やっぱフィールドですよ!

昨日借りた

を読了。パルテノン多摩(笑)*1で行われた講演をまとめたもの。一般の人を相手にしてるため、非常にわかりやすい。
吉見俊哉のものは以前違う論集の中で見たものと同じネタ。やっぱ忙しいのかな。アメリカニゼーションの問題を、アメリカというテキストを日本がどのように呼んできたかというおなじみの「シンボルとしてのアメリカから、システムとしてのアメリカ」
大澤真幸のはid:idiot817のとこで話題になってる『電子メディア論』の要約みたい話。大筋において納得できるが、「極限的な直接性」をもった電子メディアによるコミュニケーションを大方否定的に捉えてる点が気になる。メール、インターネットによって「遠隔地ナショナリズム」が成り立つとしても、それは良い悪いの問題なのか?東浩紀にしろ、大澤にしろなんだか、新たな文化産業批判の焼き直しっぽくていまいち、うなづけん。「インターネット万歳!」とかはバカだと思うが、そんなに悲観的になることかな。
小森のおっさんは得意分野の文学とポストコロニアルについて。読んでると引き込まれる文章だが、『山月記』にかんする分析をもっと詳細に読みたいと思う。ちょっと舌足らずな感じ。

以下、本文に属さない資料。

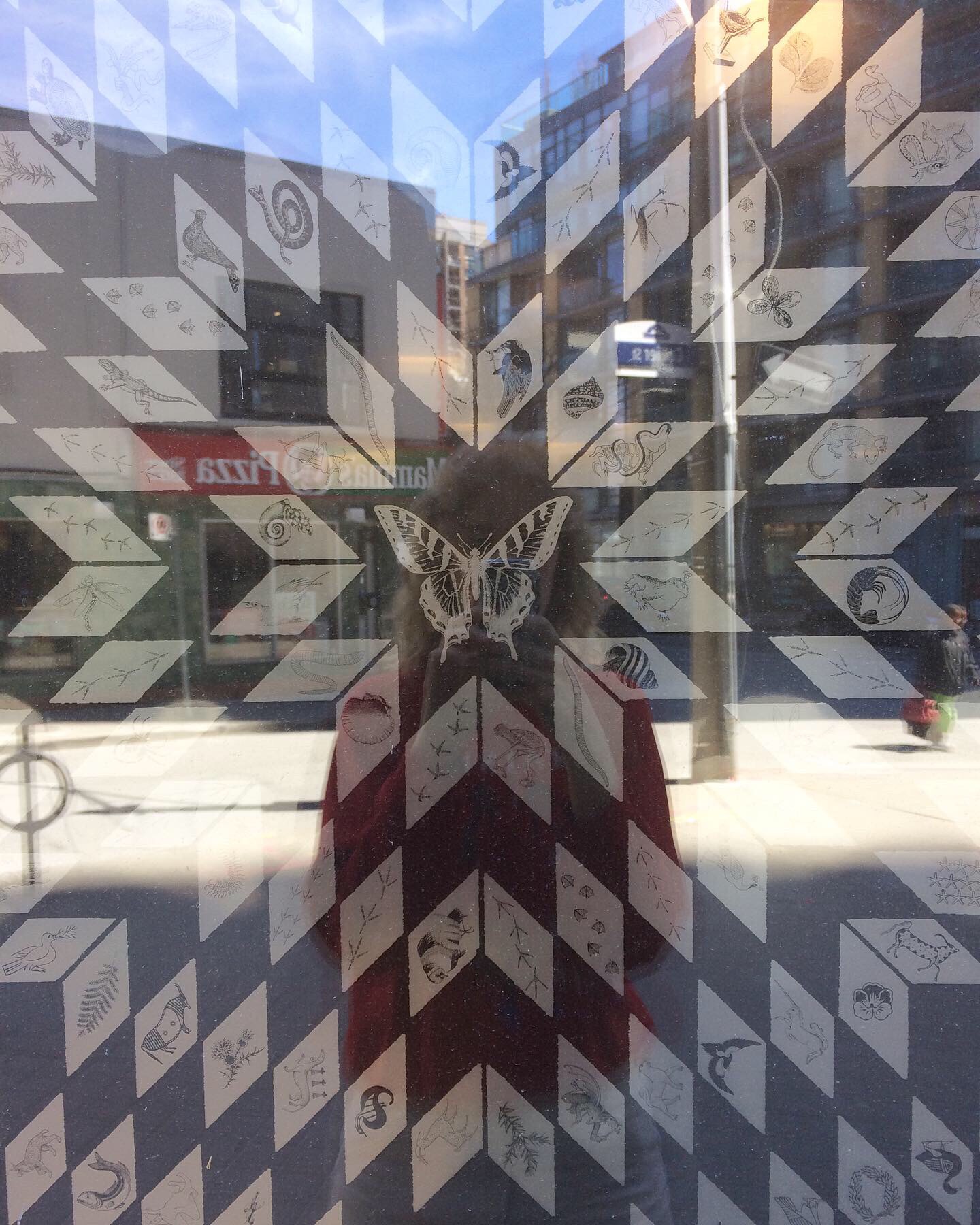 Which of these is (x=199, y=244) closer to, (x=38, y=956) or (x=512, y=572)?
(x=512, y=572)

田嶋淳子は『池袋のアジア系外国人』という本の要約っぽい。なによりもこの本おもしろそうである。池袋という都市におけるアジア系の人々を、サーベイライフヒストリーによって調査した大作ぽい。なんにしろ、現代の風潮を適度に織り交ぜて語る大澤や、文学を武器に語る小森とちがってこの手の研究は凄く真摯に思える。それは、多分にビート的なものが好きな俺にとって、フィールド研究がグッとくるだけにすぎんが、やっぱ、テレビとか本とか見てるよりも、フィールドに出ろよって感じる。俺も雑誌研究とかやらず、アジア系外国人コミュニティーにおける音楽文化、とか研究したくなってくるよ。

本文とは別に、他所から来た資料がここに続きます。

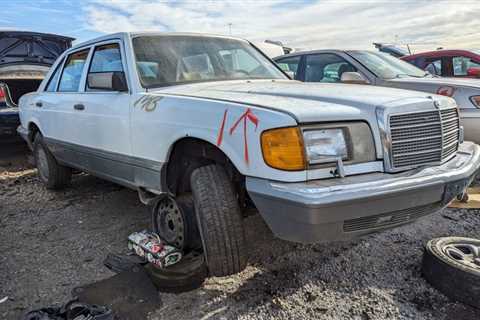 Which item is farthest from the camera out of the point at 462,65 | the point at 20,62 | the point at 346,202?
the point at 462,65

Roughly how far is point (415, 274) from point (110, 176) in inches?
99.3

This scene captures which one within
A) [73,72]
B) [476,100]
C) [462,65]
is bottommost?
[476,100]

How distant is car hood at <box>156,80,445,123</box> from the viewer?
2193 millimetres

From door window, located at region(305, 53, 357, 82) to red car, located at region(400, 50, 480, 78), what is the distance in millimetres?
2255

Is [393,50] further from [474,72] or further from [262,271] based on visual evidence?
[262,271]

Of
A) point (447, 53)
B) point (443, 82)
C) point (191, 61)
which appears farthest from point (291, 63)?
point (191, 61)

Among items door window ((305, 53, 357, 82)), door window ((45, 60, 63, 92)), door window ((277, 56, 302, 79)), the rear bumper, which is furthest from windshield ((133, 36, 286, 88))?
door window ((277, 56, 302, 79))

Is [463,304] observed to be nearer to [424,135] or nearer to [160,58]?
[424,135]

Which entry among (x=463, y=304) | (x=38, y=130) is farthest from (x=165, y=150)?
(x=38, y=130)

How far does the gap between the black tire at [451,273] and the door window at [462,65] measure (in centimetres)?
507

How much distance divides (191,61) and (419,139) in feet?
6.20

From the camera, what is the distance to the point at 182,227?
2773 millimetres

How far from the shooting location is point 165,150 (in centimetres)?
283

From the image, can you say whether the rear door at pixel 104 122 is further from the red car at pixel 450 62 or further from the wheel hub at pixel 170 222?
the red car at pixel 450 62
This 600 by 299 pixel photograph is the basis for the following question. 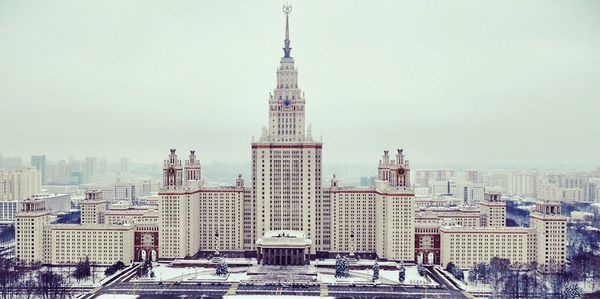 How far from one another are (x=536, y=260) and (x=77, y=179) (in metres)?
88.0

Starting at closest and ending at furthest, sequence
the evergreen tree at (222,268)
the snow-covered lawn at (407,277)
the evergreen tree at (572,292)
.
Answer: the evergreen tree at (572,292) → the snow-covered lawn at (407,277) → the evergreen tree at (222,268)

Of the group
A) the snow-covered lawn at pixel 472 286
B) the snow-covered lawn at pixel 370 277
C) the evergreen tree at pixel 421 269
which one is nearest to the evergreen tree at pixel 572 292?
the snow-covered lawn at pixel 472 286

最後の山中速人の、ハワイ表象に関する観光学は短いがおもしろかった。フラダンスの変容により、今まさに「伝統の創出」が行われていると。山中はその「伝統」を虚構として切り捨てるのではなく、「歴史的事実」との間に相対化をし、そこにある「真正さ」の闘争を見つめていこうという姿勢は全く同感。